* **How to complete this task**
Beginning at the top of the entries below, retype each line exactly until the line containing "油絵 油彩 油彩画 絵 絵画" has been written out; include no pictures and no later lines.

----- Exercise material

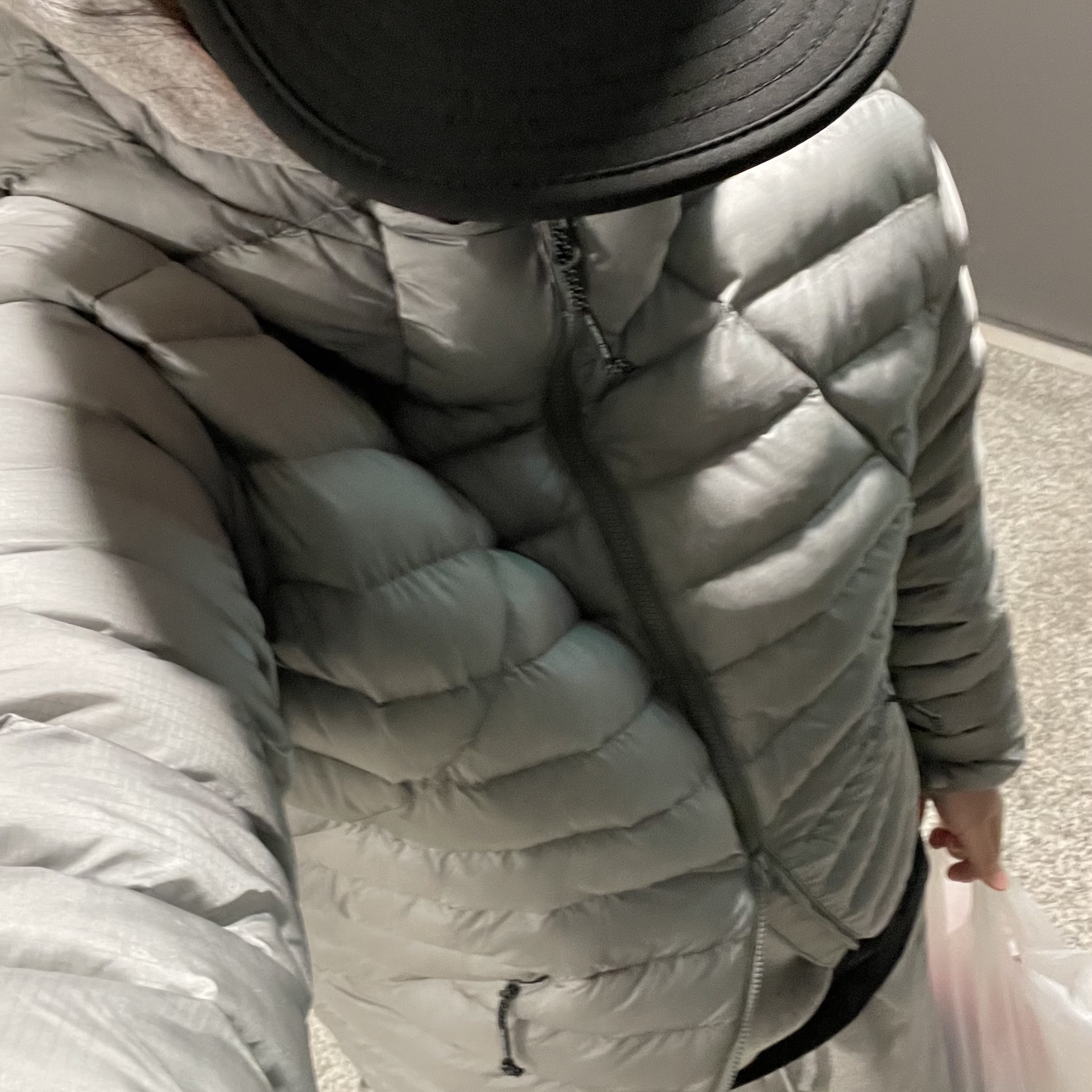 The North Face Ventus On Jacket Silver 착용 스타일 - 1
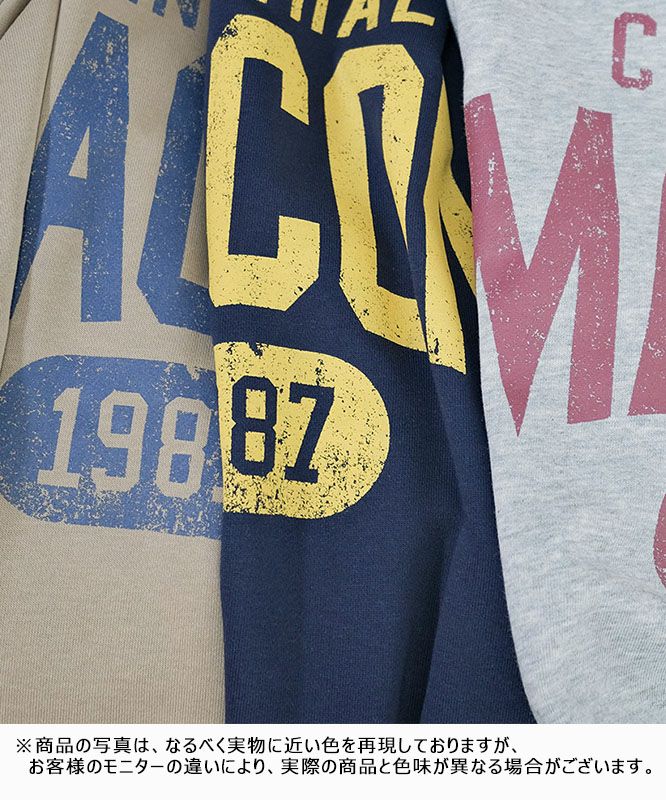 day standard｜カレッジロゴスウェット [[10-01-57539]][D]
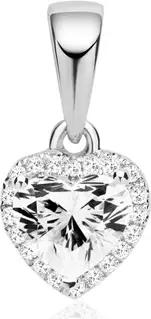 Anhänger aus 750er Weißgold mit Diamanten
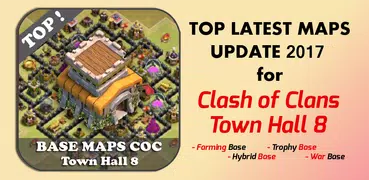 Top Base Karten COC TH 8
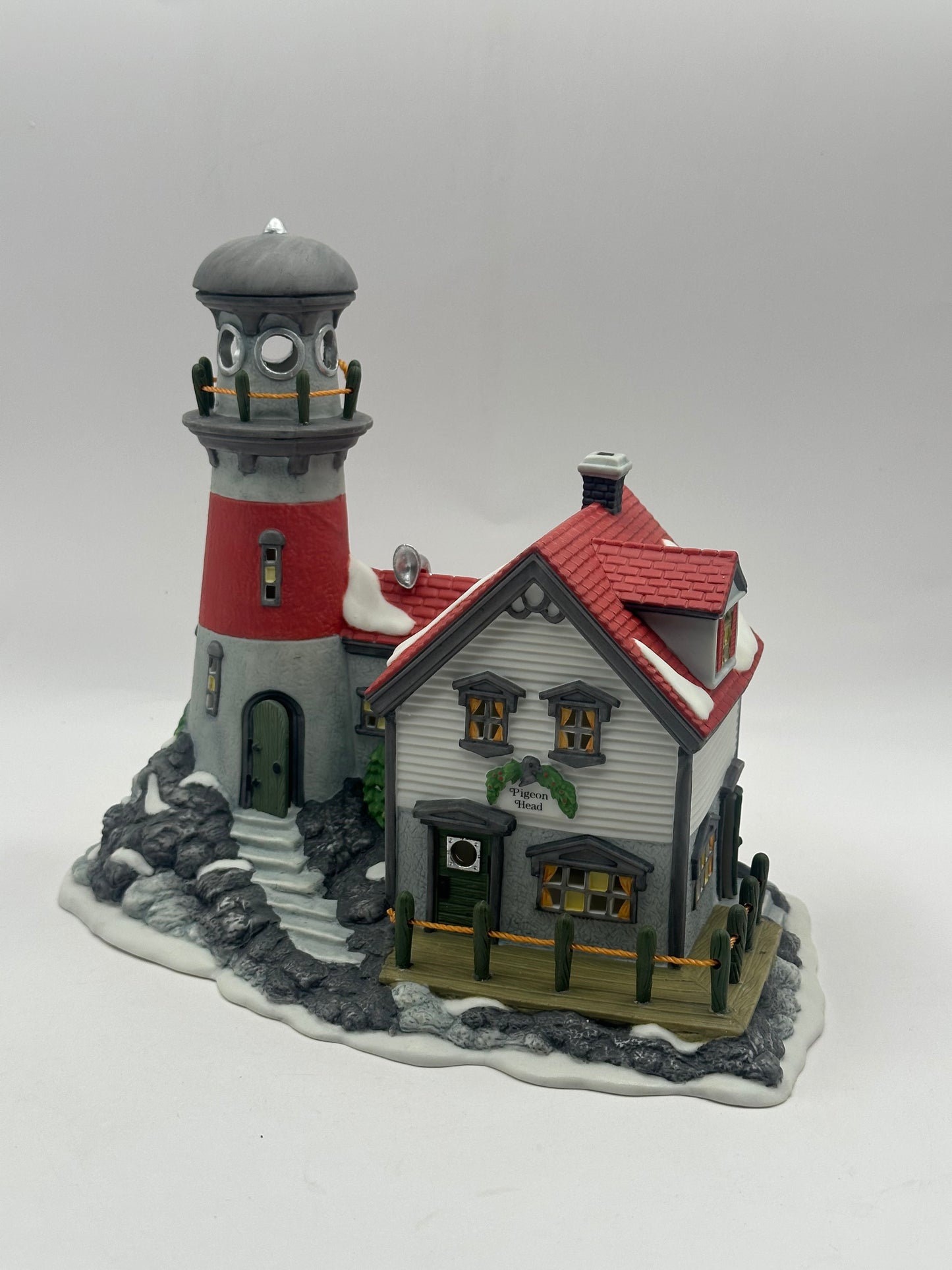 Dept 56 New England Village Pigeonhead Lighthouse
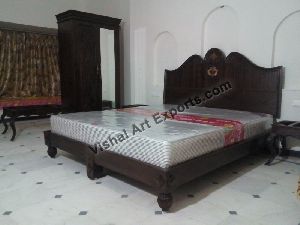 Wooden Royal King Bed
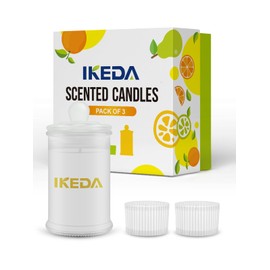 Scents Candles Gift Set: Aromatherapy Candle | 6.2oz 80 Hours Burns | for Thanksgiving Christmas | Long-Lasting Scented Soy Candles | 3 Pack (Freesia)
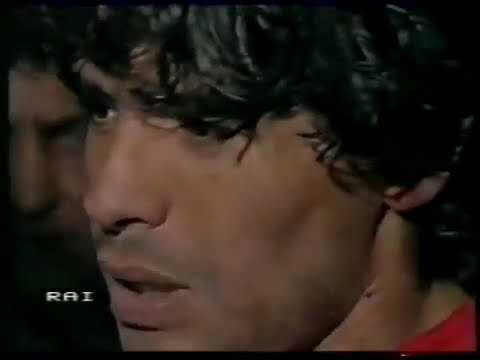 Napoli - Roma 1-2, serie A 1984-85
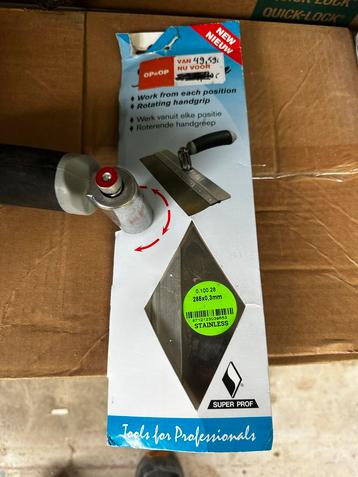 Super Prof Roterende Handgreep Plamuurmes - Nieuw beschikbaar voor biedingen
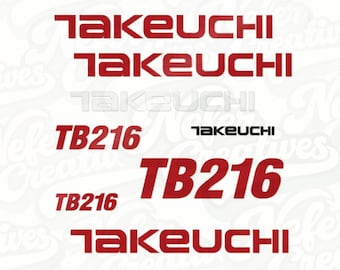 Takeuchi TB216 Excavator Decal | Digger Sticker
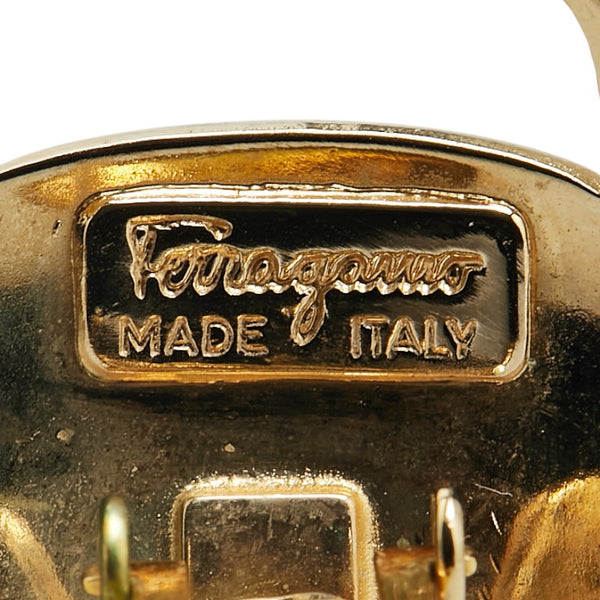 サルヴァトーレフェラガモ ヴァラ イヤリング ゴールド メッキ レディース Salvatore Ferragamo 【中古】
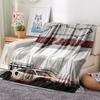 1PC Custom Name Nürburgring Patterned Flannel Blanket Suitable For All Seasons for Home Decor Warmth and Comfort Gifts Holiday Present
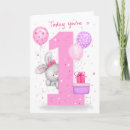 Search for little girl birthday cards Pink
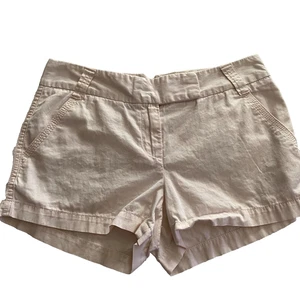 J Crew Broken In Chino Classic Twill Shorts Sz 4 Khaki Beige 3" Inseam Preppy - Picture 1 of 10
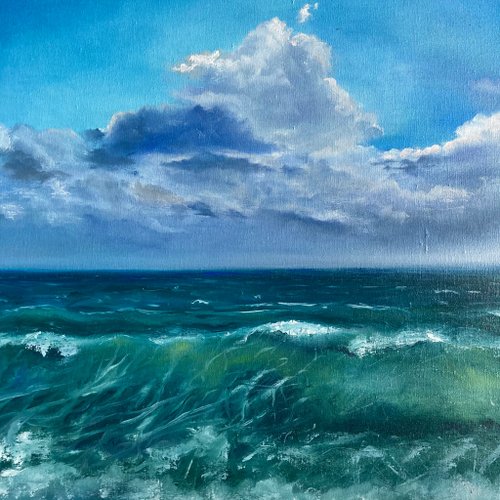 油絵 油彩 油彩画 絵 絵画 円形【丸い海】 油絵 油彩 油彩画 絵画 絵 円形【丸い海】 絵画 HR 通販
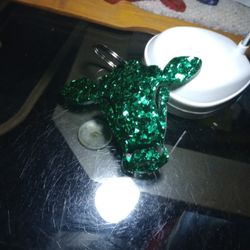 Hand Crafted Resin Cow Key Chain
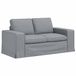 vidaXL Sofa lichtgrijs stof 162 x 80 x 82 cm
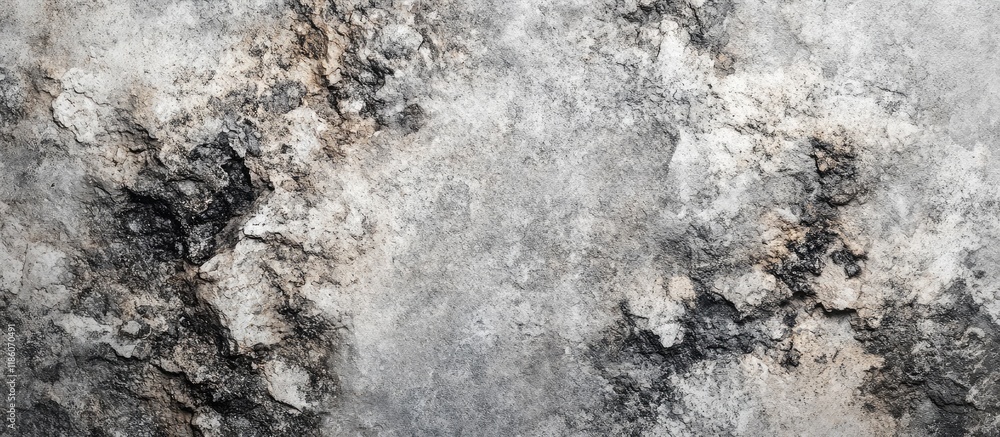 Poster Natural stone texture Background of gray granite. with copy space image. Place for adding text or design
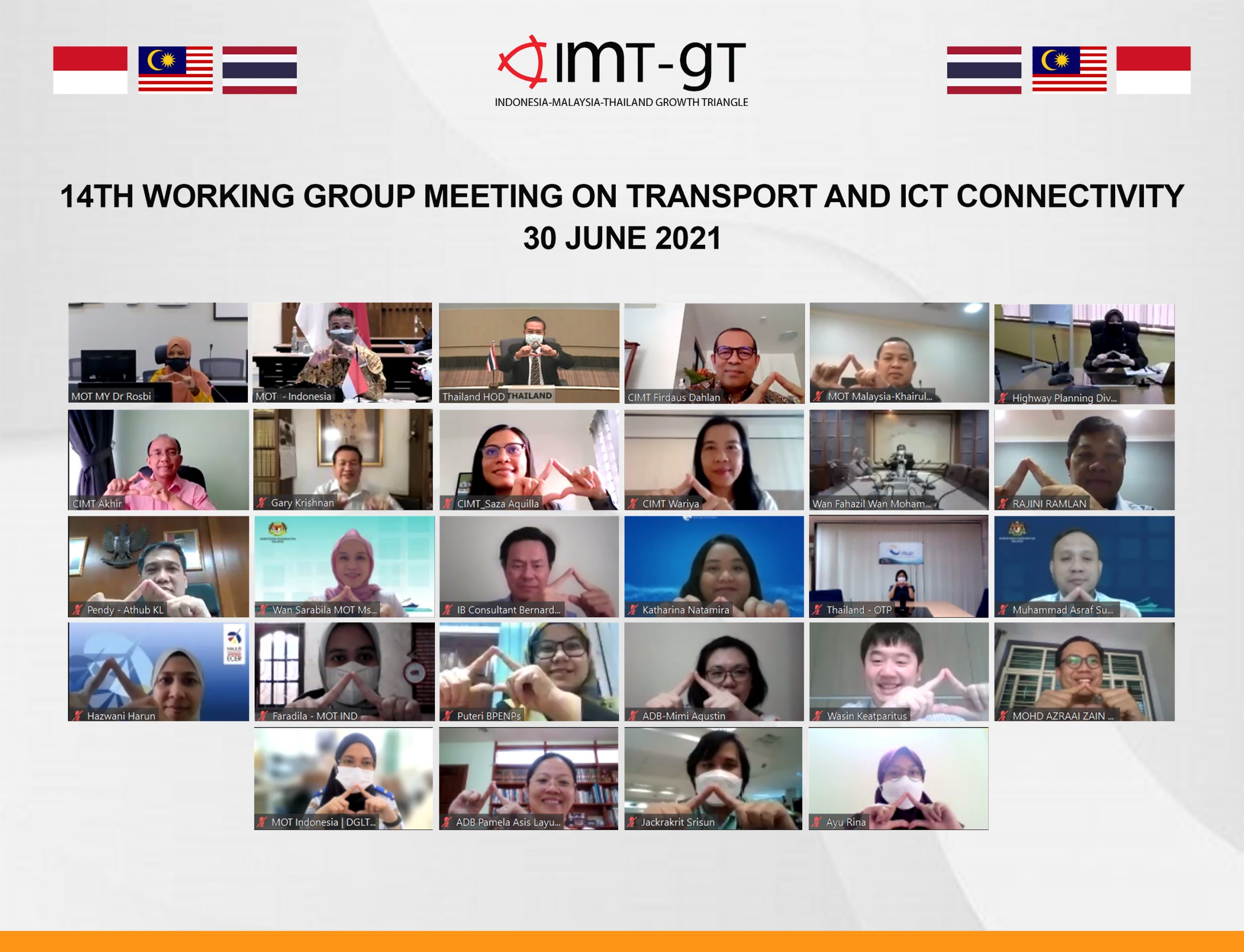 13th IMT-GT Working Group Meeting on Transport and ICT Connectivity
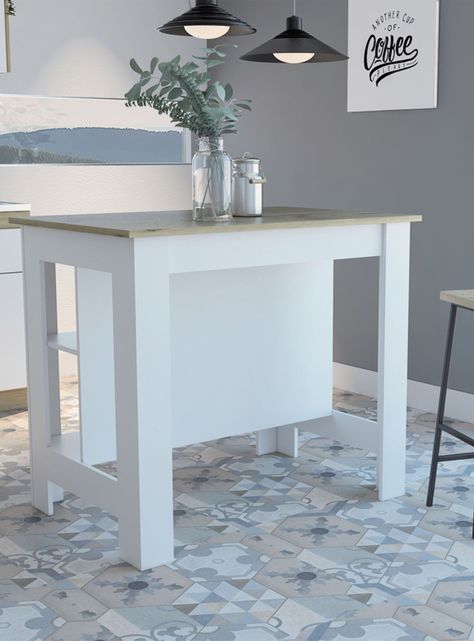 Mesa de Cocina Kitchen Blanco Nevado-5
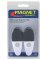 2PK LG White Magnetic Clips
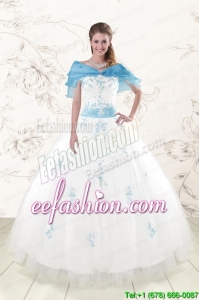 White Ball Gown Discount Amazing Quinceanera Dresses for 2015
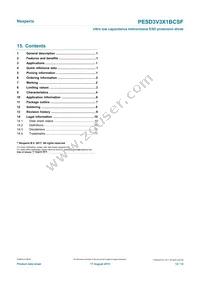 PESD3V3X1BCSFYL Datasheet Page 12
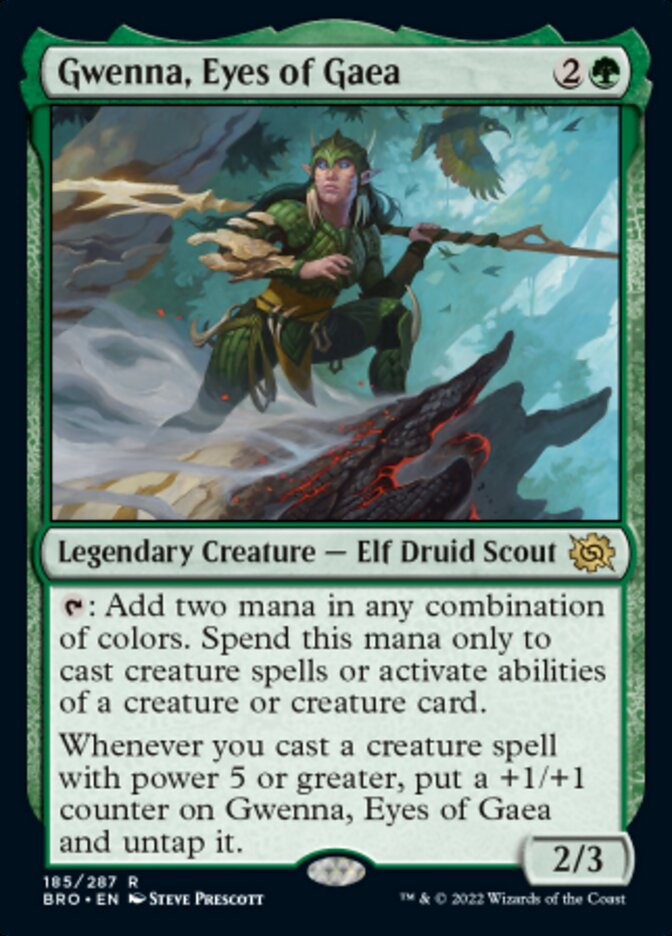 Gwenna, Eyes of Gaea [The Brothers' War] Magic: The Gathering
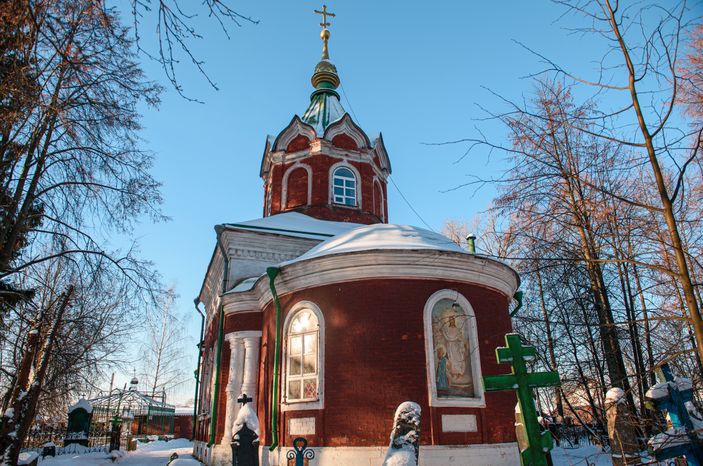 Зимние виды города Калязин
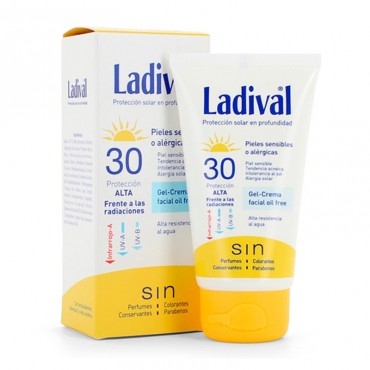 Ladival Gel-Crema facial piel sensible o alérgica SPF30 (75 ml)
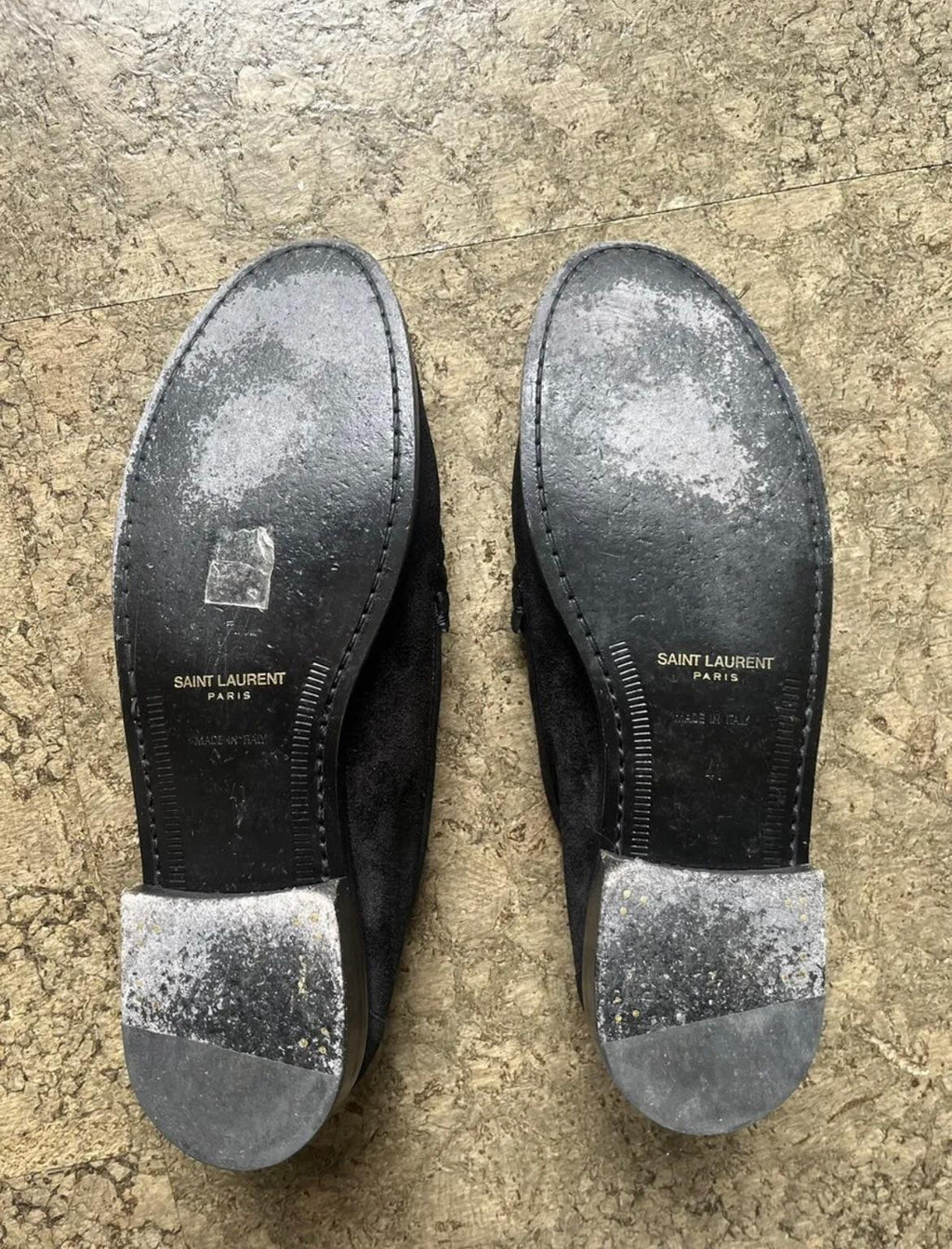 Le Loafer Black Suede Penny Loafers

----------

* **Task result**
 The North Face Ventus On Jacket Silver 착용 스타일 - 1
 day standard｜カレッジロゴスウェット [[10-01-57539]][D]
 Anhänger aus 750er Weißgold mit Diamanten
 Top Base Karten COC TH 8
 Dept 56 New England Village Pigeonhead Lighthouse
 Wooden Royal King Bed
 Scents Candles Gift Set: Aromatherapy Candle | 6.2oz 80 Hours Burns | for Thanksgiving Christmas | Long-Lasting Scented Soy Candles | 3 Pack (Freesia)
 Napoli - Roma 1-2, serie A 1984-85
 Super Prof Roterende Handgreep Plamuurmes - Nieuw beschikbaar voor biedingen
 Takeuchi TB216 Excavator Decal | Digger Sticker
 サルヴァトーレフェラガモ ヴァラ イヤリング ゴールド メッキ レディース Salvatore Ferragamo 【中古】
 1PC Custom Name Nürburgring Patterned Flannel Blanket Suitable For All Seasons for Home Decor Warmth and Comfort Gifts Holiday Present
 Search for little girl birthday cards Pink
 J Crew Broken In Chino Classic Twill Shorts Sz 4 Khaki Beige 3" Inseam Preppy - Picture 1 of 10
 油絵 油彩 油彩画 絵 絵画 円形【丸い海】 油絵 油彩 油彩画 絵画 絵 円形【丸い海】 絵画 HR 通販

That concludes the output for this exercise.